Efficient Nudged Elastic Band Method using Neural Network Bayesian Algorithm Execution

TL;DR

This paper presents NN-BAX, a neural network Bayesian framework that significantly reduces computational costs in discovering minimum energy pathways, enabling faster and scalable analysis of complex systems with minimal accuracy loss.

Contribution

The paper introduces NN-BAX, a novel active learning framework that jointly learns energy landscapes and MEPs, drastically reducing computational effort compared to traditional methods.

Findings

Achieves 10-100x reduction in energy and force evaluations.

Maintains negligible loss in MEP accuracy.

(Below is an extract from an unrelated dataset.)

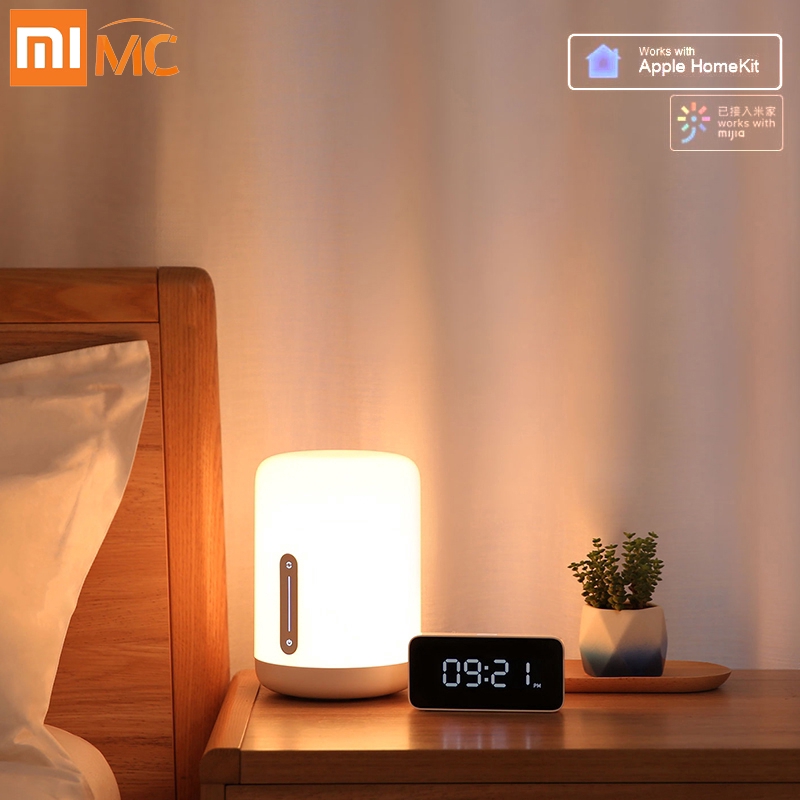 smart bedside lamp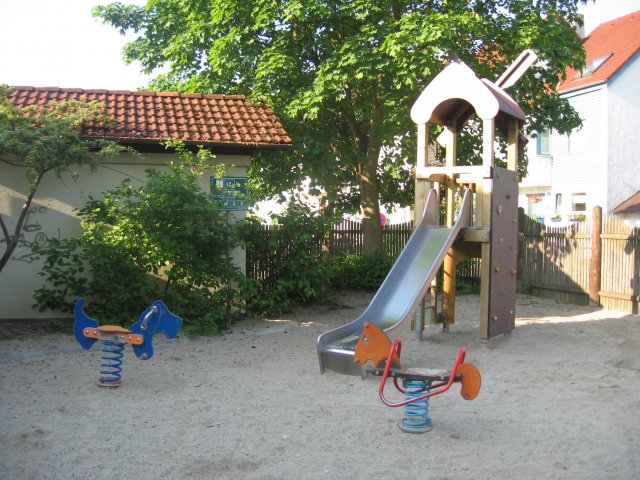 Kinderspielplatz Mühlbachbogen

Scales effectively to systems with over 100 dimensions.

Abstract

The discovery of a minimum energy pathway (MEP) between metastable states is crucial for scientific tasks including catalyst and biomolecular design. However, the standard nudged elastic band (NEB) algorithm requires hundreds to tens of thousands of compute-intensive simulations, making applications to complex systems prohibitively expensive. We introduce Neural Network Bayesian Algorithm Execution (NN-BAX), a framework that jointly learns the energy landscape and the MEP. NN-BAX sequentially fine-tunes a foundation model by actively selecting samples targeted at improving the MEP. Tested on Lennard-Jones and Embedded Atom Method systems, our approach achieves a one to two order of magnitude reduction in energy and force evaluations with negligible loss in MEP accuracy and demonstrates scalability to >100-dimensional systems. This work is therefore a promising step towards removing the computational barrier for MEP discovery in scientifically relevant systems, suggesting that weeks-long calculations may be achieved in hours or days with minimal loss in accuracy.